Extracted entries Start Marker

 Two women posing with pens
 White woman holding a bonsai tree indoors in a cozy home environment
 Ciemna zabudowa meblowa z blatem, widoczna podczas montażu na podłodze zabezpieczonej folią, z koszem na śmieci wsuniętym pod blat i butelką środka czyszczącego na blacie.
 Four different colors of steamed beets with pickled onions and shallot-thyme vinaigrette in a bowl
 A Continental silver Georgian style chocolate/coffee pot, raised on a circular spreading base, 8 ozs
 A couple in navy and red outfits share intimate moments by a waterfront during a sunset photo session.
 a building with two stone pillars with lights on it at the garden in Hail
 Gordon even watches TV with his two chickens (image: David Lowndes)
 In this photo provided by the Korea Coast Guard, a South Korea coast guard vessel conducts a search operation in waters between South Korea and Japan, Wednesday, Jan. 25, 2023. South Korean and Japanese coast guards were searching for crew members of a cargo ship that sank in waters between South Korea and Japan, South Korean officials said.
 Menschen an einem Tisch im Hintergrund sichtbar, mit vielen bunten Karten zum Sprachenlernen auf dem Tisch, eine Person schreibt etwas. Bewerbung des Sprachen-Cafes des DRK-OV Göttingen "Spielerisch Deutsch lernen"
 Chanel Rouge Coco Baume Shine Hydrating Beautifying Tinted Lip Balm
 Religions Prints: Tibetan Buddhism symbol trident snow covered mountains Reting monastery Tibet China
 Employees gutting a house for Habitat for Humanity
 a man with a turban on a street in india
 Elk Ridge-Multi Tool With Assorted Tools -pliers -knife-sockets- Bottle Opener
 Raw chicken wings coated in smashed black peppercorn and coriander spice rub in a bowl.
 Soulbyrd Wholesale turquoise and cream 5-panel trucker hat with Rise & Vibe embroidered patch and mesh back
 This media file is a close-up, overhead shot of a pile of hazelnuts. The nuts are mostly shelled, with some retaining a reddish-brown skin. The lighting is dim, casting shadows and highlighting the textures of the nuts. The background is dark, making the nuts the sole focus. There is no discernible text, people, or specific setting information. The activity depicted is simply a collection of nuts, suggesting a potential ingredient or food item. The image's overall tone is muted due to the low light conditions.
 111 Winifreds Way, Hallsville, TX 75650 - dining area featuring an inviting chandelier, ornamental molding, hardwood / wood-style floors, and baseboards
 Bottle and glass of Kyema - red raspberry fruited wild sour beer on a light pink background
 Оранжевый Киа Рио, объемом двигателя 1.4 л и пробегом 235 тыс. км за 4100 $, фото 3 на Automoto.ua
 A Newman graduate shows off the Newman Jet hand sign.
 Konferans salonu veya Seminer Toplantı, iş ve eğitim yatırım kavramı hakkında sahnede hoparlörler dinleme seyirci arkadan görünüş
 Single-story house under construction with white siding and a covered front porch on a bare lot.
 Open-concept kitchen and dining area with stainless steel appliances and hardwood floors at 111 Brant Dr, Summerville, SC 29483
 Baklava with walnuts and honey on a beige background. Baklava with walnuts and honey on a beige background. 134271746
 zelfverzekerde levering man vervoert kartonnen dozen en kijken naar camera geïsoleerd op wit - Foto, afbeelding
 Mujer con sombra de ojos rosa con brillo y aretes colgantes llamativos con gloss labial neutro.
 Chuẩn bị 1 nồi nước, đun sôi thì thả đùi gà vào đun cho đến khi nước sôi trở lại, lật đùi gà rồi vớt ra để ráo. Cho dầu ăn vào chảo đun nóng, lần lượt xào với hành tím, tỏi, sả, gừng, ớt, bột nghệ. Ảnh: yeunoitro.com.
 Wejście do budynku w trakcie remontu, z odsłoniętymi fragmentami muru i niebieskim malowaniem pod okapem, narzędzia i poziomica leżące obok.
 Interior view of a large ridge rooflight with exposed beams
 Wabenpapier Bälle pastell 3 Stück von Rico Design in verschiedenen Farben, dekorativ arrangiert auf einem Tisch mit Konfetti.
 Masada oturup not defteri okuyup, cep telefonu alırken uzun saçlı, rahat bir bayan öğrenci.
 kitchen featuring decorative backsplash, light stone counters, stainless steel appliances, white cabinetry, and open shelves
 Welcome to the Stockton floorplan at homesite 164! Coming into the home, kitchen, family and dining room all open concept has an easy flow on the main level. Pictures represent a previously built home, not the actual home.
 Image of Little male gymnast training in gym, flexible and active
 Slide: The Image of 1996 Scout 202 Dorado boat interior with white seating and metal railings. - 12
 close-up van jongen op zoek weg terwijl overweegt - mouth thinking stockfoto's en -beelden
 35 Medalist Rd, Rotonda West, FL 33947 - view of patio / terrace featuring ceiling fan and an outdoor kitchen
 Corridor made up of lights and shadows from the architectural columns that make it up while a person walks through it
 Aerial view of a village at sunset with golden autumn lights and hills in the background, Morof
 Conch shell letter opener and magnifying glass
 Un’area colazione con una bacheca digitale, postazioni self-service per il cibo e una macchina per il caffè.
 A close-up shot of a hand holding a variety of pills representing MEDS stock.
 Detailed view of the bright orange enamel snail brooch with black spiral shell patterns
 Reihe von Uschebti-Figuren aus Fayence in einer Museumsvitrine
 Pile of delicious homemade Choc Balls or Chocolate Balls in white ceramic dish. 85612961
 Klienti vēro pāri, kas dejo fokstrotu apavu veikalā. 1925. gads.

Extracted entries End Marker

■ **Problem statement**
From the entries above, return exactly the line containing "Religions Prints: Tibetan", the line containing "Elk Ridge-Multi Tool", and all lines between, and nothing else.

■ **Solution**
 Religions Prints: Tibetan Buddhism symbol trident snow covered mountains Reting monastery Tibet China
 Employees gutting a house for Habitat for Humanity
 a man with a turban on a street in india
 Elk Ridge-Multi Tool With Assorted Tools -pliers -knife-sockets- Bottle Opener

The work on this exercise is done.